■ What you will do
Your output should be everything below from the line containing "Felix Tasty Shreds" down to the line containing "MEXEN/S Kioto Sprchová", both ends included, copied exactly, with pictures left out.

··· Data to examine ···

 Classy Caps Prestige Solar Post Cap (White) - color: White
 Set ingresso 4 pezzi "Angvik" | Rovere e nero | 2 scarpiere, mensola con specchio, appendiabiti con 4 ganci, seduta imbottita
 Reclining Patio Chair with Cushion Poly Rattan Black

···
··· Data to examine ···

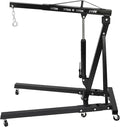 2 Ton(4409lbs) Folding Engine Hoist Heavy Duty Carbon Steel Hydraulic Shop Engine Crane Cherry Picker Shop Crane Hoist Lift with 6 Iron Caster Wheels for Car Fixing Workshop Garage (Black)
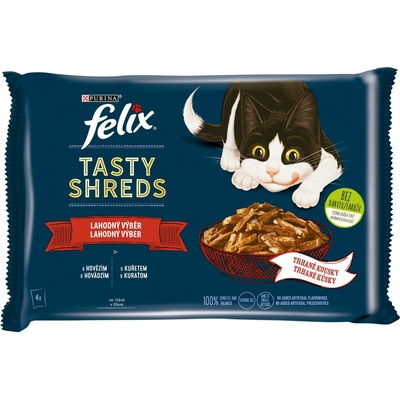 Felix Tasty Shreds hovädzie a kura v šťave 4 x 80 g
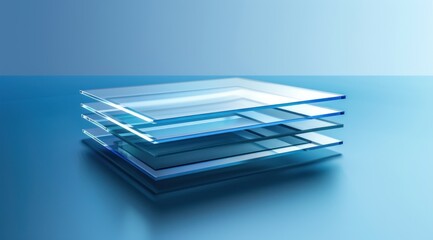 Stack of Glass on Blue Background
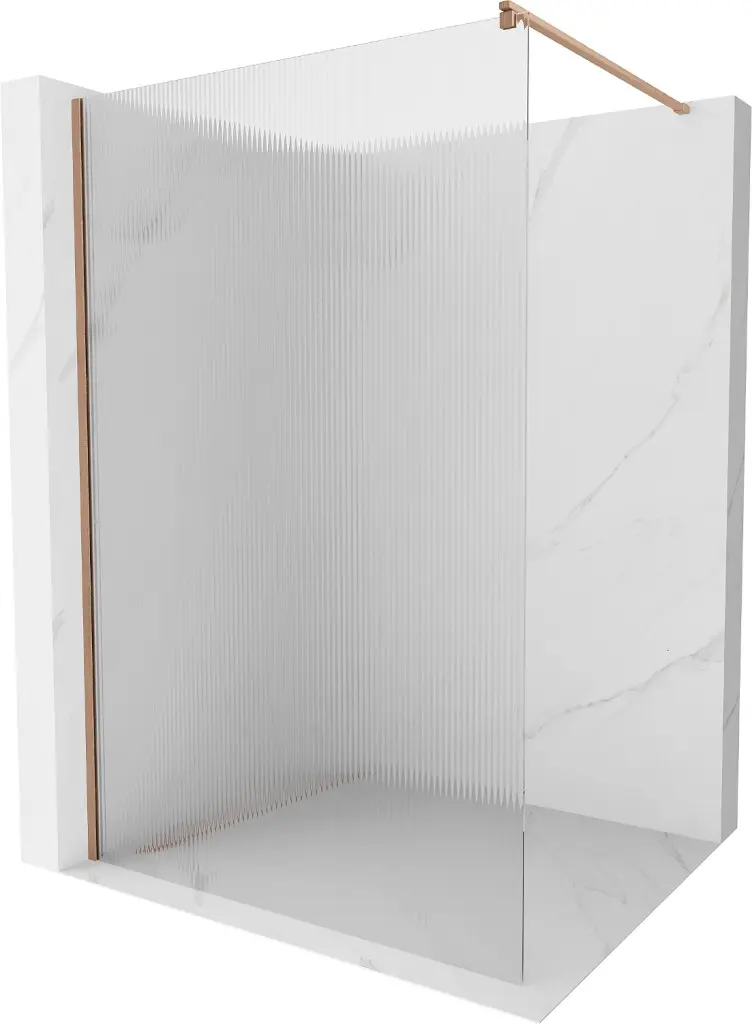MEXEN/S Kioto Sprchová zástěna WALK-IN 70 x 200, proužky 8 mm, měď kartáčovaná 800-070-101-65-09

···

■ Response area
 Felix Tasty Shreds hovädzie a kura v šťave 4 x 80 g
 Stack of Glass on Blue Background
MEXEN/S Kioto Sprchová zástěna WALK-IN 70 x 200, proužky 8 mm, měď kartáčovaná 800-070-101-65-09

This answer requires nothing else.